Circle's structure already aligns well with the GENIUS Act framework: reserves are held overwhelmingly in short-dated US Treasuries through BlackRock-managed funds, attestations are published monthly, and the company holds a New York DFS BitLicense alongside multiple state money-transmitter licenses. None of that is sufficient by itself — the final OCC rule will still require formal approval — but Circle is starting from a position close to the finish line.

USDT: still the global liquidity king, but losing US share

Tether's USDT remains the dominant stablecoin globally by liquidity, transaction volume on non-US venues, and integration depth across centralized exchanges. The US-facing picture is different. USDT supply contracted by roughly $3 billion in Q1 2026, the first quarterly decline since 2022, as exchanges serving US customers moved liquidity toward USDC and, increasingly, USAT.

Tether's response has been to bifurcate the product. USDT continues to serve global liquidity and offshore markets.

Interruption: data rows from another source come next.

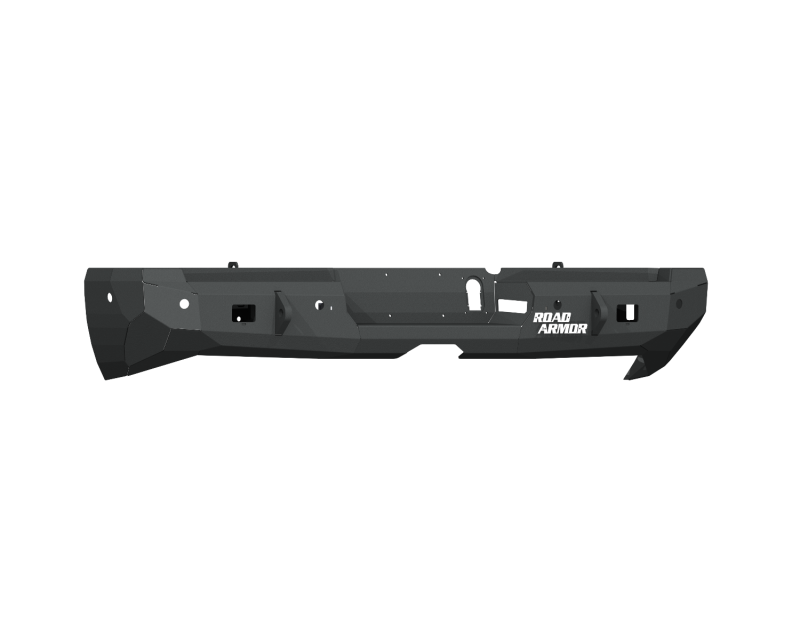Road Armor 19-20 Ram 2500 Stealth Rear Non-Winch Bumper - Tex Blk 4192R0B 4192R0B Photo - Primary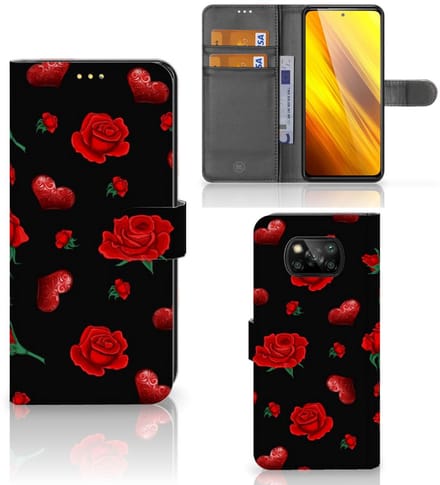 Xiaomi Poco X3 | Poco X3 Pro Leuk Hoesje Valentine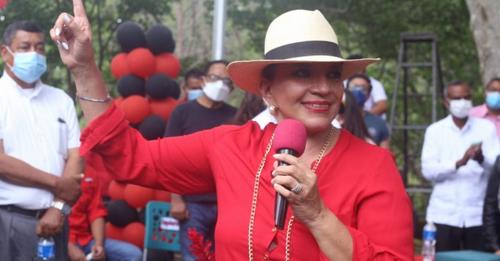 Honduras. Libre declara a Xiomara Castro ganadora de elecciones
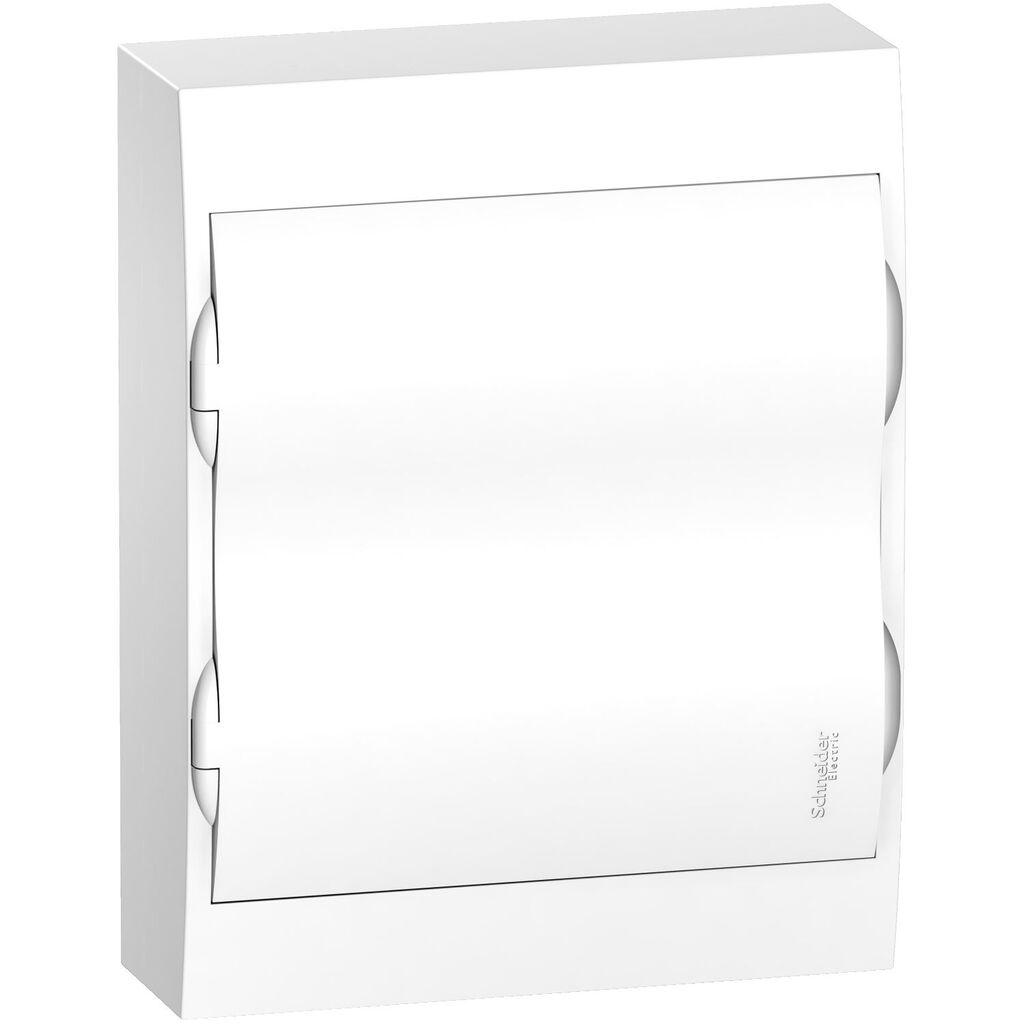 Schneider Electric Razvodna Tabla EZ9E212P2S, Za Osigurače Nadgradna 24 Mjesta, Bijela Vrata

USAT — Tether's new US-compliant token — is the entry point for capital that needs to be sure it can survive the GENIUS Act's final rule.

USAT: Tether's US-regulated answer

USA₮ (commonly written USAT) launched on January 27, 2026. It is dollar-backed, issued by Anchorage Digital Bank N.A. — an OCC-regulated, federally chartered digital asset bank — and supported by Tether. The structure is designed specifically to satisfy GENIUS Act expectations around issuer status, reserve composition, and supervisory access. Tether has been explicit that USDT and USAT are intended to coexist: USDT for global liquidity, USAT for US-regulated capital and onshore venues.

The strategic logic is simple. The US market is the most important compliant market for stablecoins, and a federally chartered bank is the clearest issuer category under GENIUS Act expectations. By issuing USAT through Anchorage, Tether secures a regulatory pathway without having to convert USDT itself, which would have been disruptive to its global user base.

What is still being worked out

The rules that will determine winners and losers over the next 12 months are sitting inside the OCC's drafting process. Several points are unresolved.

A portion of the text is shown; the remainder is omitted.